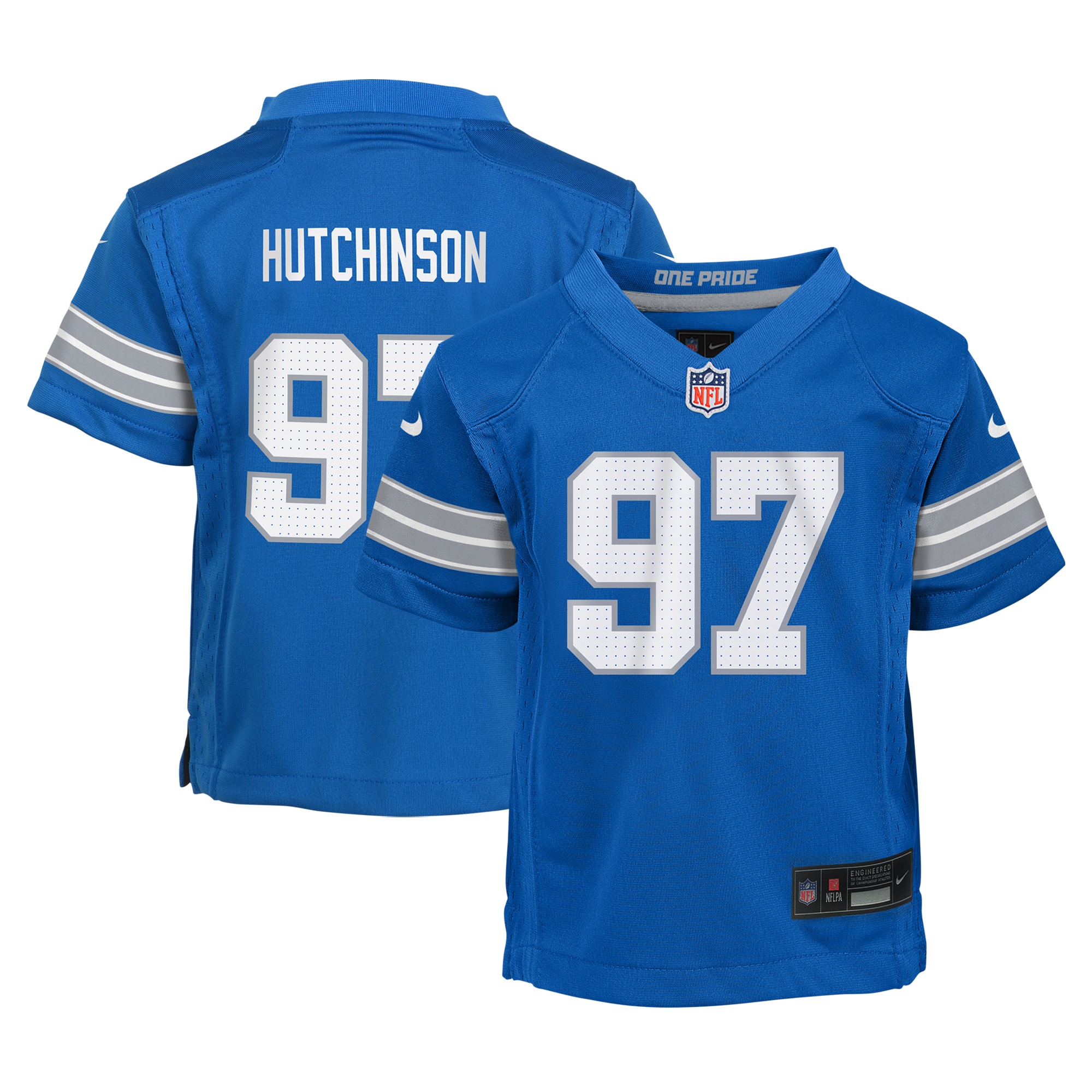 Infant Detroit Lions Aidan Hutchinson Blue Team Player Game NFL Jersey Men's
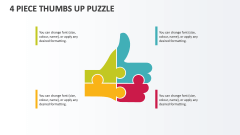 4 Piece Thumbs Up Puzzle - Slide 1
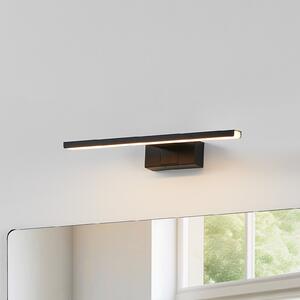 EGLO Conettilla LED zidna svjetiljka, crna, širina 40 cm, IP44, CCT, Crno, kupaonica, Metal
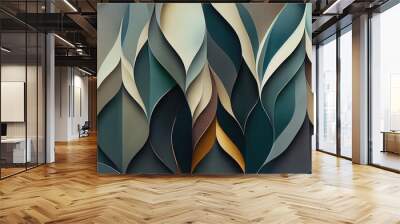 swirl fabric Wall mural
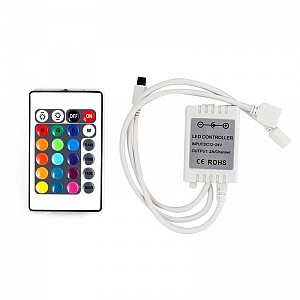 LED RGB контроллер инфракрасный (IR) 12 V/6 A инфракрасный (IR) LAMPER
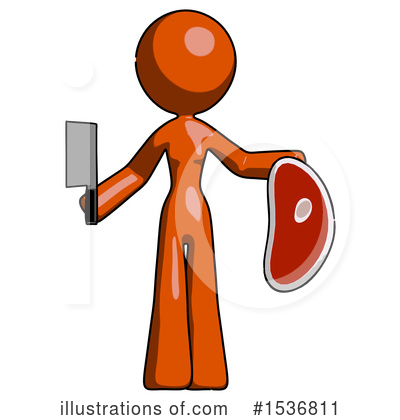 Royalty-Free (RF) Orange Design Mascot Clipart Illustration by Leo Blanchette - Stock Sample #1536811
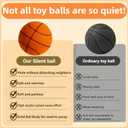 Indoor Basketball Set, 2025 Upgrade Silent Basketball with a Detachable Iron Basketball Hoop, Practicing Dribbling, Shooting, and Dunking Techniques Quietly at Any time Indoors,for Teens and Adults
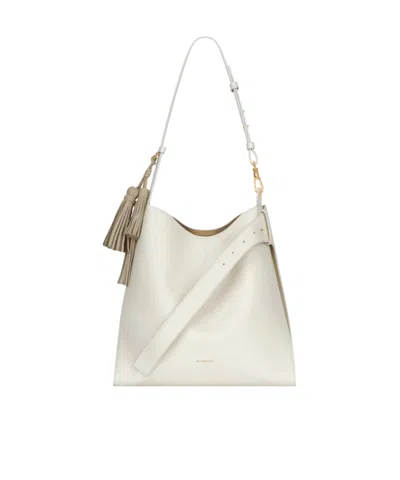 Givenchy Medium Belted Hobo Bag In Leather In White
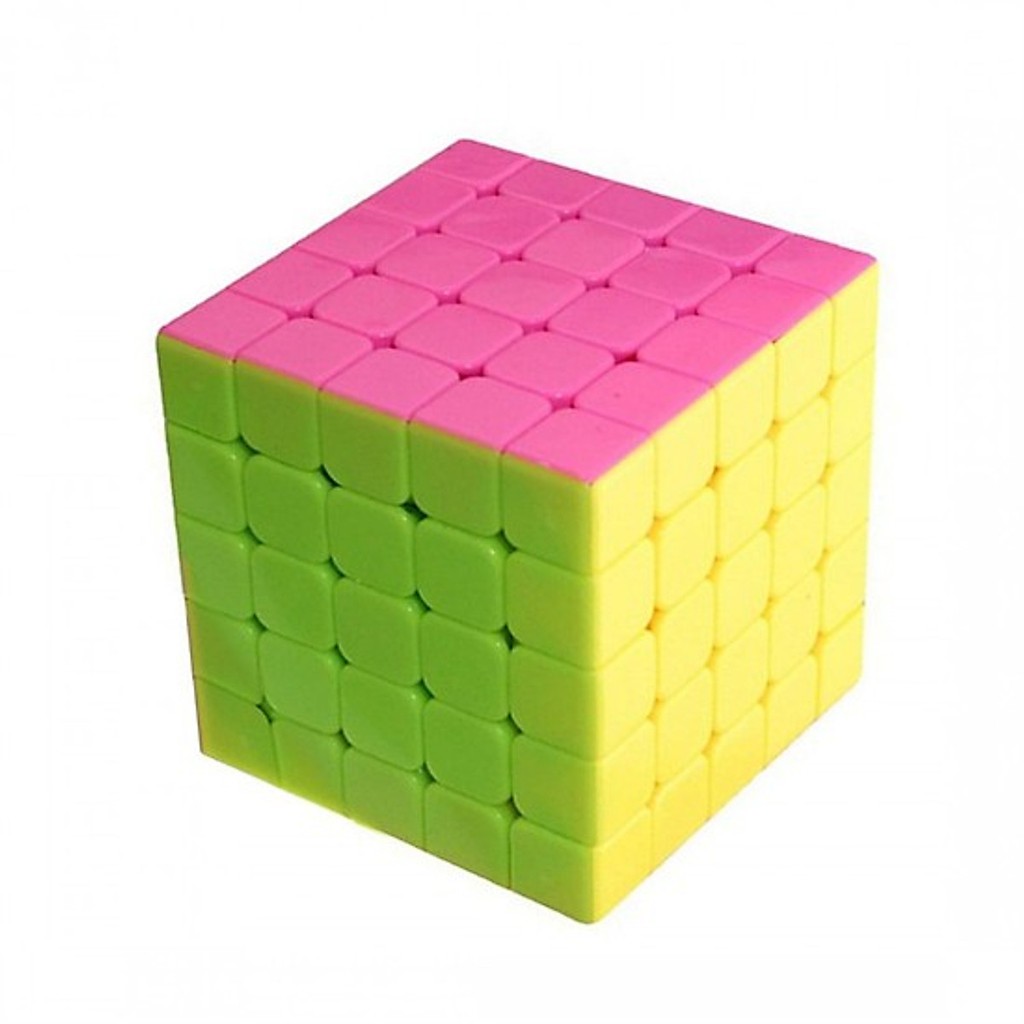 Rubik Stickerless Khối Không Viền Các Cỡ 2x2/3x3/4x4/5x5/6x6/7x7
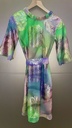 Hand beaded belted thoub Girl dress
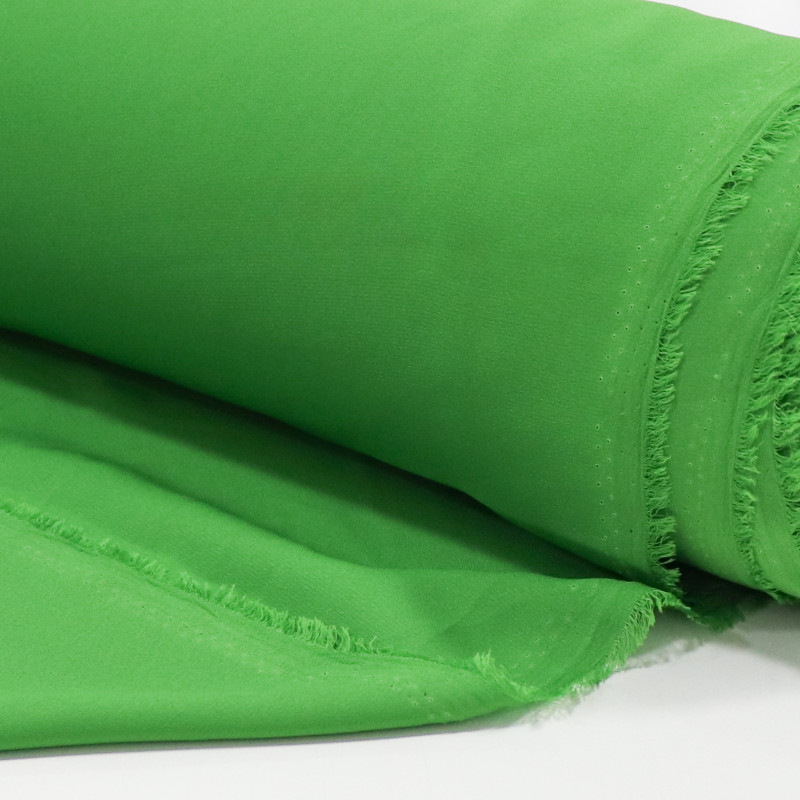Tecido Crepe GGT Fino Verde Folha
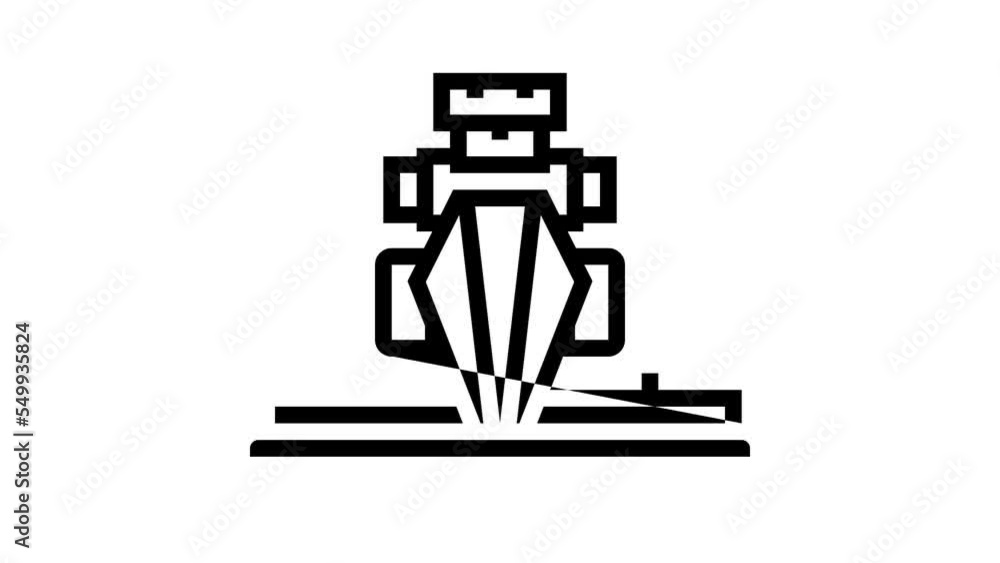 scythe farm equipment line icon animation scythe farm equipment line icon animation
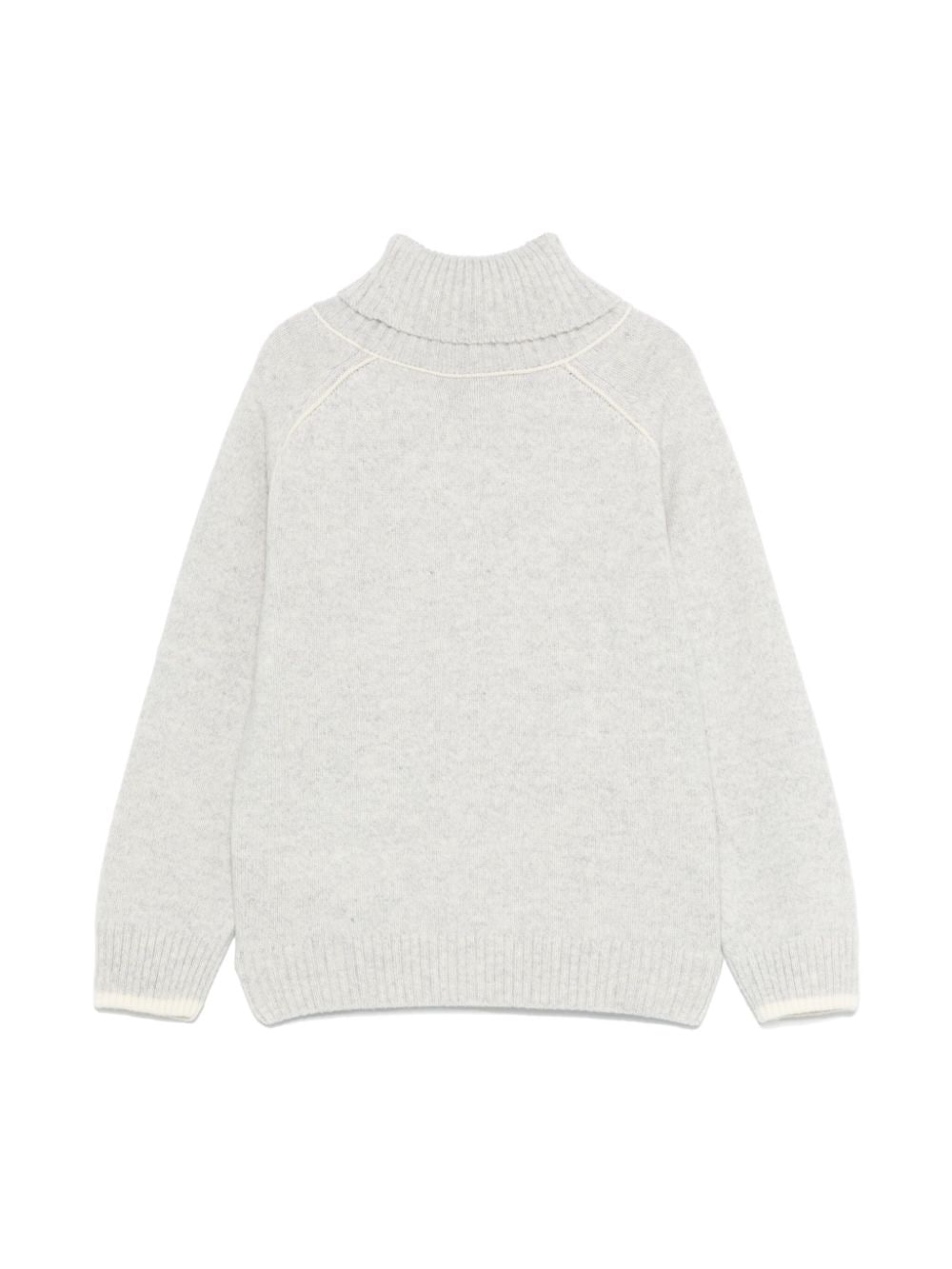 Shop Eleventy Logo-embroidered Sweater In Gray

▶ Assignment
Each line, from the beginning of the listing to the line bearing "swirl fabric Wall mural" inclusive, should be copied exactly; the pictures stay out.

▶ Answer space
 Infant Detroit Lions Aidan Hutchinson Blue Team Player Game NFL Jersey Men's
 4 Piece Thumbs Up Puzzle - Slide 1
 EGLO Conettilla LED zidna svjetiljka, crna, širina 40 cm, IP44, CCT, Crno, kupaonica, Metal
 swirl fabric Wall mural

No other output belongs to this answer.